Exercise instructions: Write out exactly the lines of the entries below from the one holding "6948 Valhalla Road - Photo Thumbnail 20" to the one holding "701 Euclid Ave", inclusive, and leave out all other lines.

Exercise data:
************

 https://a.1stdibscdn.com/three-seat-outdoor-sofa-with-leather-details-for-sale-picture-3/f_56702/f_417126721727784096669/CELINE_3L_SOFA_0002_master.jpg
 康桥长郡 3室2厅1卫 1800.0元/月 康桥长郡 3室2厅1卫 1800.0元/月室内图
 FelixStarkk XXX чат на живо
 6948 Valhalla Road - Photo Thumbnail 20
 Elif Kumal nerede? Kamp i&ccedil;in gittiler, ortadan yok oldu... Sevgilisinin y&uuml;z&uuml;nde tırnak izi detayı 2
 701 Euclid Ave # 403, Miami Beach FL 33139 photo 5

************

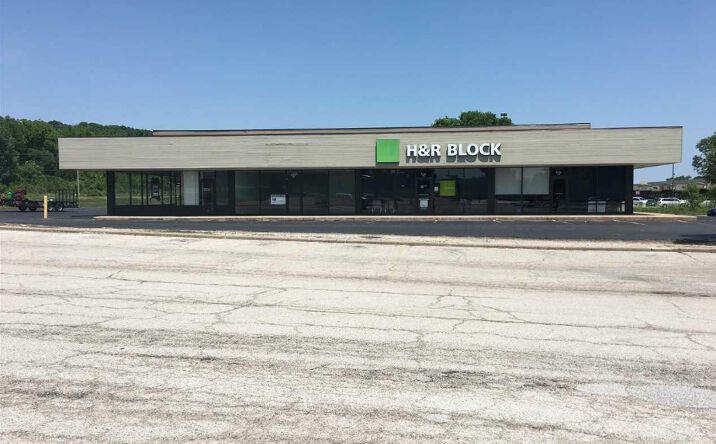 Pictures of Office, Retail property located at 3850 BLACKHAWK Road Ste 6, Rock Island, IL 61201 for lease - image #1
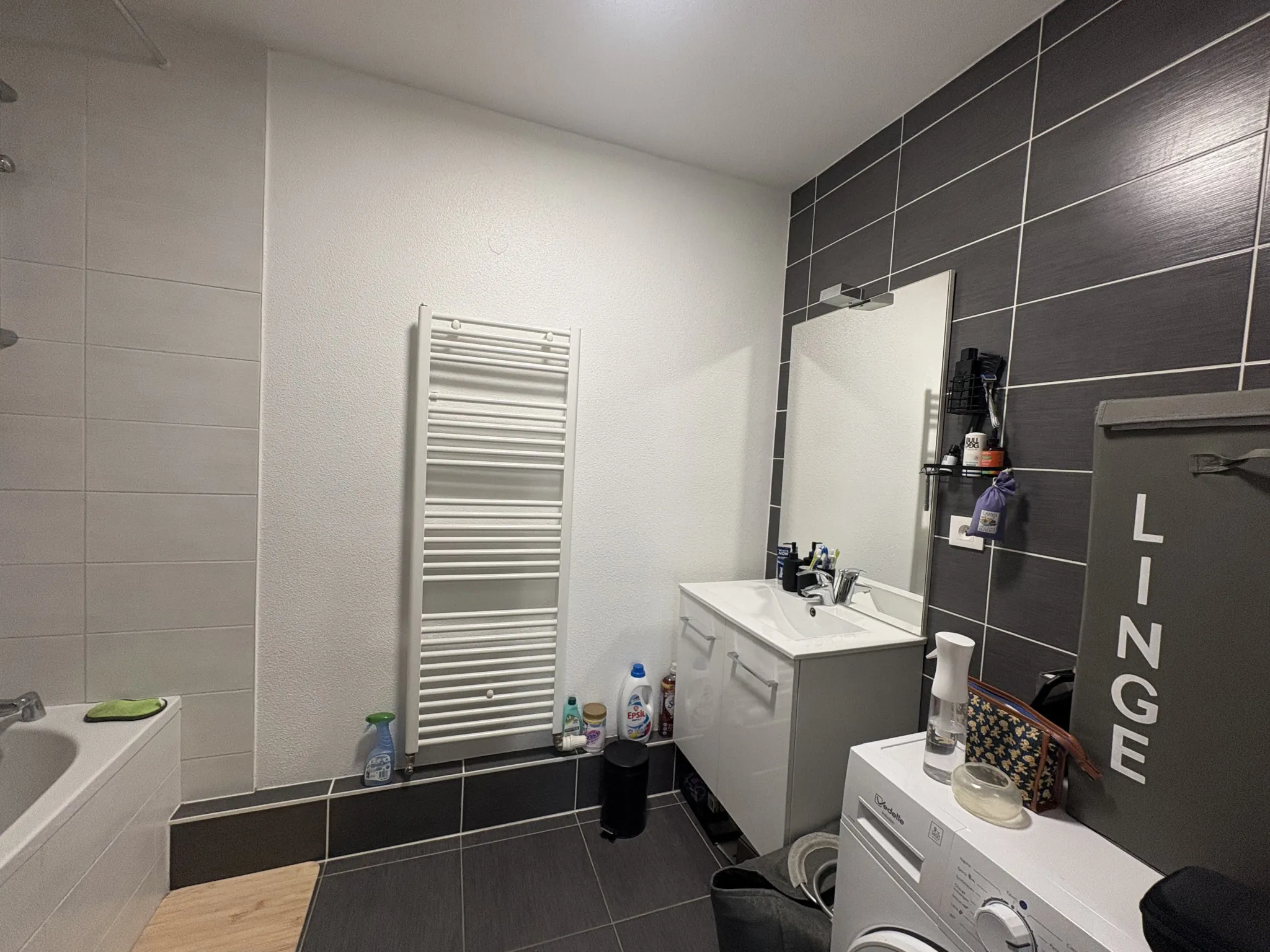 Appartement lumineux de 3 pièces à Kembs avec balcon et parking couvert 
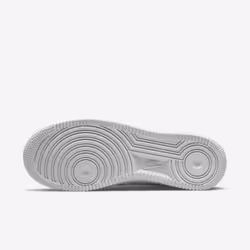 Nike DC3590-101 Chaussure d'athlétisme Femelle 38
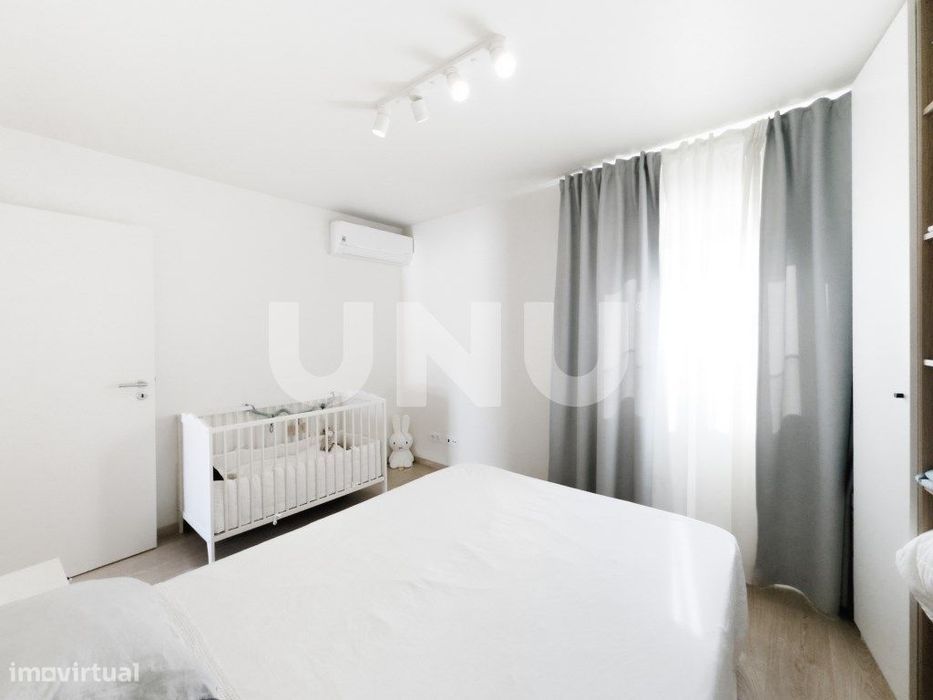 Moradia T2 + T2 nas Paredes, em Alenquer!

************

Written reply:
 6948 Valhalla Road - Photo Thumbnail 20
 Elif Kumal nerede? Kamp i&ccedil;in gittiler, ortadan yok oldu... Sevgilisinin y&uuml;z&uuml;nde tırnak izi detayı 2
 701 Euclid Ave # 403, Miami Beach FL 33139 photo 5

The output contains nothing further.